High performance computing with ArcGIS

7109
8
03-22-2015 05:22 PM
PatriciaCarbajales-Dale
New Contributor III

Hello,

We are trying to set up geospatial services in our high performance computing cluster running Linux. Somebody at ESRI talked to one of our faculty and mentioned the possibility of installing ArcGIS Server with ArcGIS Engine on top. I'm doubtful this will be the solution for using multiple nodes for faster performance and processing of geospatial data.

I know of other solutions with Python, GDAL, and R. Just wondering if anybody has tried and has been successful implementing something like this with ESRI products.

Thank you in advance,

Patricia

0 Kudos
8 Replies
SarahAmbrose
Esri Contributor

Hi Patricia,

Have you checked out gis-tools-for-hadoop? It’s available on GitHub, and may be what you are looking for. There is also a Big Data group on GeoNet where you can ask questions about GIS Tools for Hadoop.

PatriciaCarbajales-Dale
New Contributor III

Hi Sarah,

Thank you for your answer. Yes, we have worked briefly with the gis tools for hadoop. However, somebody at the Dev Summit mentioned that the current tools are going away in the near future. Any confirmation on this will be extremely helpful.

Thank you,

Patricia

0 Kudos
SarahAmbrose
Esri Contributor

Hi Patricia,

There are no plans to depreciate/remove the GIS Tools for Hadoop.

Let me know if you have any more questions,

Sarah

0 Kudos
PatriciaCarbajales-Dale
New Contributor III

Thanks so much, Sarah. This is very helpful!

MiguelMorgado
Occasional Contributor

Hi Patrica, what kind of data do you want to serve?

If what you want is setup map services to be used by web applications AGS in high availability with load balancer will be the solution.

If what you want to use is geoprocessing tools then probably you need to look in a diferent way.
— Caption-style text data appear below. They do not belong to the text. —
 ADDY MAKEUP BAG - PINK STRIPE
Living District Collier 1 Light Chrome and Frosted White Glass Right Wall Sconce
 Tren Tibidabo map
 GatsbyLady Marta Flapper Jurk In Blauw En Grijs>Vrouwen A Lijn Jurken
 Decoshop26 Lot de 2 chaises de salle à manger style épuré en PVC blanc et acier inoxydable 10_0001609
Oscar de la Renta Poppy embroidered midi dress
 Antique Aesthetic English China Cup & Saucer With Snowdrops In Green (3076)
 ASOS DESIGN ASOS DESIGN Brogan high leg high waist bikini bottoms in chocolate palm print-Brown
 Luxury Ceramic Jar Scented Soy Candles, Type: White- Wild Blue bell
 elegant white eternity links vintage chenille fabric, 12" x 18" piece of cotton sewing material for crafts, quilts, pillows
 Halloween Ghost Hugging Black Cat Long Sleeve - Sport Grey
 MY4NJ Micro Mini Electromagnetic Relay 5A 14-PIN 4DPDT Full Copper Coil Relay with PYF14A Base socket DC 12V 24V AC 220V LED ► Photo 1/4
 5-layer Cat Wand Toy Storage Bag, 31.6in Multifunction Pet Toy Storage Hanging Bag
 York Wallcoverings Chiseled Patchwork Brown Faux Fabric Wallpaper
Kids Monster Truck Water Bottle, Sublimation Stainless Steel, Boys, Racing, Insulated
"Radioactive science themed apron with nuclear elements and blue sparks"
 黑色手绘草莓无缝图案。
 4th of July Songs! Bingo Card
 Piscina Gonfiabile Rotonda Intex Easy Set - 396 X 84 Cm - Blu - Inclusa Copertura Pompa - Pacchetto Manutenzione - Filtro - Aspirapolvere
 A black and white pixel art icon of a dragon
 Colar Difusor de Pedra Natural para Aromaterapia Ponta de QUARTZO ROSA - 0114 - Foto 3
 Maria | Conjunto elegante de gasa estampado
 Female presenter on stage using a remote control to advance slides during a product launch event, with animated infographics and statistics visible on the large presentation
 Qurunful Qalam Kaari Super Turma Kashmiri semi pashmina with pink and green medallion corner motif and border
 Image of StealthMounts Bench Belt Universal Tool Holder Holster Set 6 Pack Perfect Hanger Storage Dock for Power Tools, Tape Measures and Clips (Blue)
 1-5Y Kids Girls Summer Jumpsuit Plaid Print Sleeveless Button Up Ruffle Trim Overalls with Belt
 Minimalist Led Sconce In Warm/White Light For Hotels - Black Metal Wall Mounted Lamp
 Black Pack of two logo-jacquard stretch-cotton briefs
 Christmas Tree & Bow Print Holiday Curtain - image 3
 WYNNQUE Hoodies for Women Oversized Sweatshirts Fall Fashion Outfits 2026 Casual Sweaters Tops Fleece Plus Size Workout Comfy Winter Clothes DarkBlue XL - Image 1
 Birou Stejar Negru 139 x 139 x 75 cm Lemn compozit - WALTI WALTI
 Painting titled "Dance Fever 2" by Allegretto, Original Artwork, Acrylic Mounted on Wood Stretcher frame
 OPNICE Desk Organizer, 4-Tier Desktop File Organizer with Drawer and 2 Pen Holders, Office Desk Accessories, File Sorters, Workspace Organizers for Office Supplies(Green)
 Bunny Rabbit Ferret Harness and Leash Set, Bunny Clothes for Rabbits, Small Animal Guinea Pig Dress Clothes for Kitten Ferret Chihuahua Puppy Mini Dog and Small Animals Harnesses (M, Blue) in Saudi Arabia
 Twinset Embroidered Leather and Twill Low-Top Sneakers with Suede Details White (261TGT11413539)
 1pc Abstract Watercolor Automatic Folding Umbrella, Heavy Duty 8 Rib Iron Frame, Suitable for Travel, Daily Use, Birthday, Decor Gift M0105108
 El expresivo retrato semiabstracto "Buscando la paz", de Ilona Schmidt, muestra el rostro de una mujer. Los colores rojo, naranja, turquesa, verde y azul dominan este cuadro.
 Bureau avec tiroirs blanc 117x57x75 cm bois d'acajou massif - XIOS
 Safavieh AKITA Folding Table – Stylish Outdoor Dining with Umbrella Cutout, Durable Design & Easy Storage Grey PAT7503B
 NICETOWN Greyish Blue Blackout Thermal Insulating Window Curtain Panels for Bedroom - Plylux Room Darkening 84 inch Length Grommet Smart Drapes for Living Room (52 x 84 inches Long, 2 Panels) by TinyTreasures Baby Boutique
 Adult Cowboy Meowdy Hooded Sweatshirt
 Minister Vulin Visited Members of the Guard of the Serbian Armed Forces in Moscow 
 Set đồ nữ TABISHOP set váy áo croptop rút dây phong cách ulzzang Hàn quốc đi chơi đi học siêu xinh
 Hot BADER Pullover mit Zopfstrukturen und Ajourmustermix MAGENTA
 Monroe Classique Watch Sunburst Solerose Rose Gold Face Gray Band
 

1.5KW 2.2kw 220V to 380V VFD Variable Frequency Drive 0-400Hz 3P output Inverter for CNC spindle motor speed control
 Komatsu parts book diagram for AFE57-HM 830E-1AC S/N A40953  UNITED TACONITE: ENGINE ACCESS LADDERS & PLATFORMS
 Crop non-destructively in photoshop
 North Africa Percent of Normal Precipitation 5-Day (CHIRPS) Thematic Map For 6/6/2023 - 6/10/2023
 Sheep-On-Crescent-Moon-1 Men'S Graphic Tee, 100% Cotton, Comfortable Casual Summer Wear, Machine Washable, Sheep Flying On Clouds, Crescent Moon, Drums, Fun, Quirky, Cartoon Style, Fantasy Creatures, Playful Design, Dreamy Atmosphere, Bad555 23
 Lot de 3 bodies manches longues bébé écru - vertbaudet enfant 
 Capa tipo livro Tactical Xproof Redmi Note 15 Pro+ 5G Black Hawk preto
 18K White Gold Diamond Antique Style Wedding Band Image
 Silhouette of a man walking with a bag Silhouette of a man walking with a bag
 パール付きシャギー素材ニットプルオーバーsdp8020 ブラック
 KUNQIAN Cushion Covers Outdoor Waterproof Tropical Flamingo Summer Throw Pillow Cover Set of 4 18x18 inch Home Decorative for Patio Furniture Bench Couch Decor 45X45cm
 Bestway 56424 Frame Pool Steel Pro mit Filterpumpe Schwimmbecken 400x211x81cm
Can you provide more details?

0 Kudos
PatriciaCarbajales-Dale
New Contributor III

Hi Miguel,

Thank you for your reply. The goal is to work with large datasets and perform intensive analysis and processing. I do no have any use for web applications, just pure analysis of large data or hundreds/thousands of geospatial files. For example: a process where we have 25,000 raster files and we want to reproject them, aggregate fields, and calculate some statistics. The process in one desktop can take up to 3 months. If we can distribute the process ( for example, using traditional high-throughput computing), we can run the same model in just hours.

Let me know if this makes sense or you need more details.

Regards,

Patricia

0 Kudos
MiguelMorgado
Occasional Contributor

Ok, Understood. Well you can setup AGS in HA easily with hundreds of VMs processing data, however I doubt this will be the best option available.

I will use python tools or other specific software.

M

0 Kudos
curtvprice
MVP Esteemed Contributor

miguelmorgadoKD2, is this still your opinion even if the tools involved aren't easily available in other software, for example, more specific geoprocessing tools like the hydro raster tools?

0 Kudos